His book, Solve for Happy, details the what, why, and how, of happiness, and allows the reader to understand deeply the factors that contribute to unhappiness – and how to create happiness for themselves.

Why Solve for Happy is So Powerful

Mo’s writing, like his character, is sincere. He writes from a place of truth and vulnerability – and his words come directly from the heart. Mo’s initial motivation was to figure out how he would live the rest of his life in a happy and productive manner – even after his 21-year old son died. Through deep introspection and reverse-engineering a model for happiness, Mo found what he was looking for.
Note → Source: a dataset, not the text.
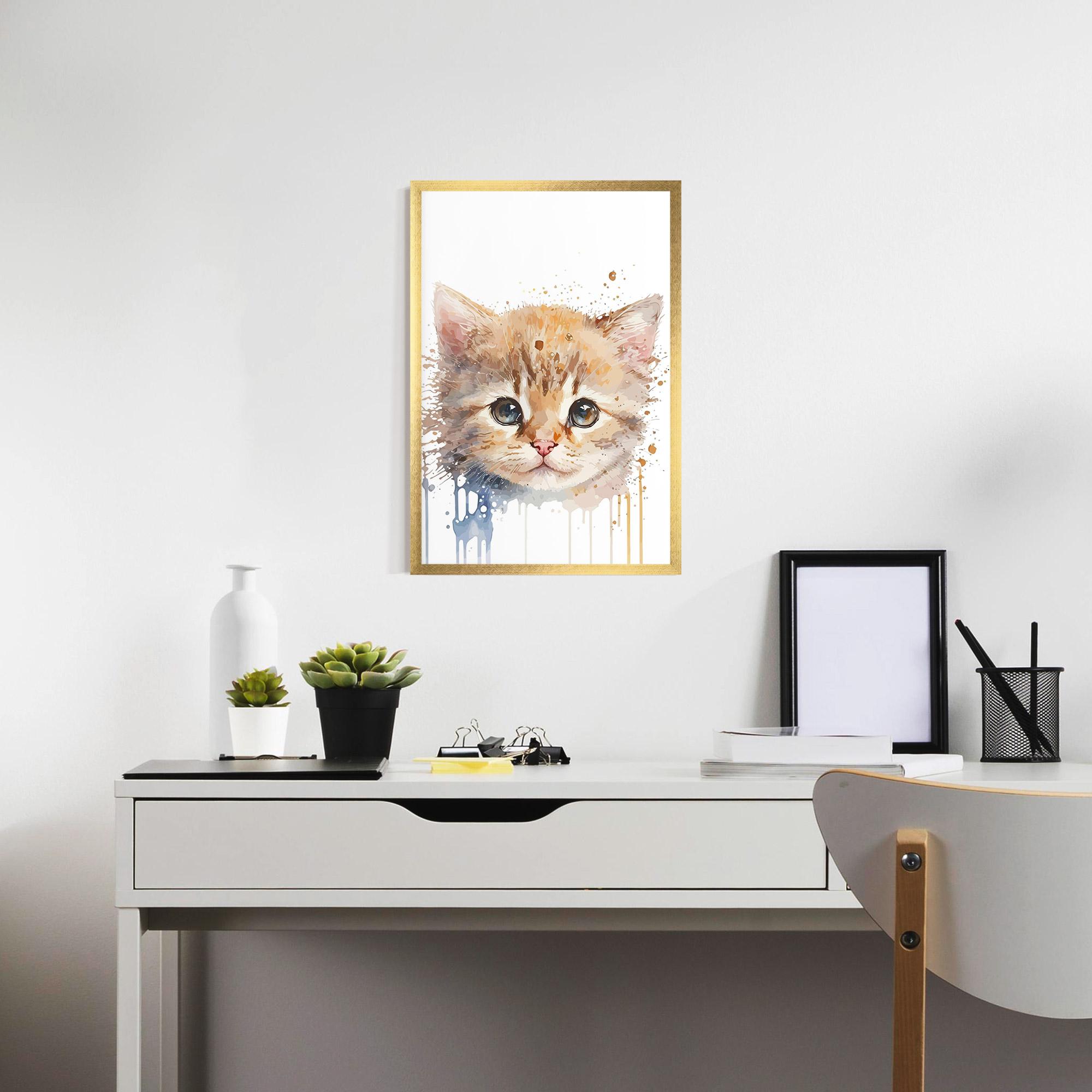 Gerahmte Poster Watercolor Animal Cat mockup 7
To understand the value of Mo’s work, it is important to define a few terms.

Happiness

What is happiness, and why is it so difficult for many of us to find? Why is happiness often so fleeting?

You might tell yourself that you will be happy once you get a promotion and buy a new car, yet a month after driving to your new job in your new car – you’re unhappy again. Why is that?
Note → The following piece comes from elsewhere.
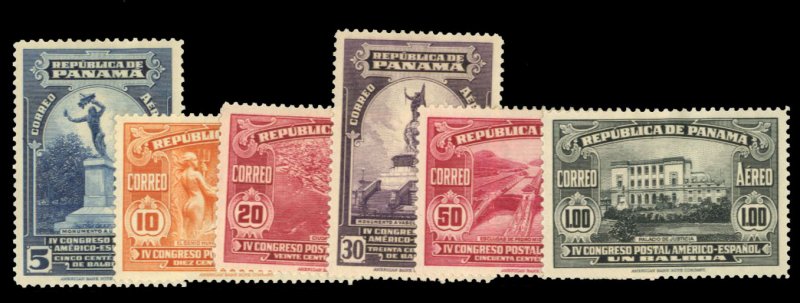 Panama #C21-26 Cat$25.50, 1936 4th Postal Congress, complete set, hinged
“Happiness,” as Mo explained to me during our phone call, “Is a peaceful contentment. It is saying, I am okay with life as it is. This doesn’t mean that I won’t try to make life become better – it means that I’m OK with how it is now.”

Q: How can you simultaneously be happy and content, yet also pursue your goals (clearly defined as things you don’t yet have?)

To answer this question, Mo used an analogy of successful stock traders, explaining that these people will only trade money that they are okay with losing. They don’t want or plan to lose the money, yet they will accept the result. When they make a bet, they want to receive as much of a return as they can get, but if they lose the money, they are okay. This is analogous to happiness: it’s ok to want more – but you must also accept life as it is now.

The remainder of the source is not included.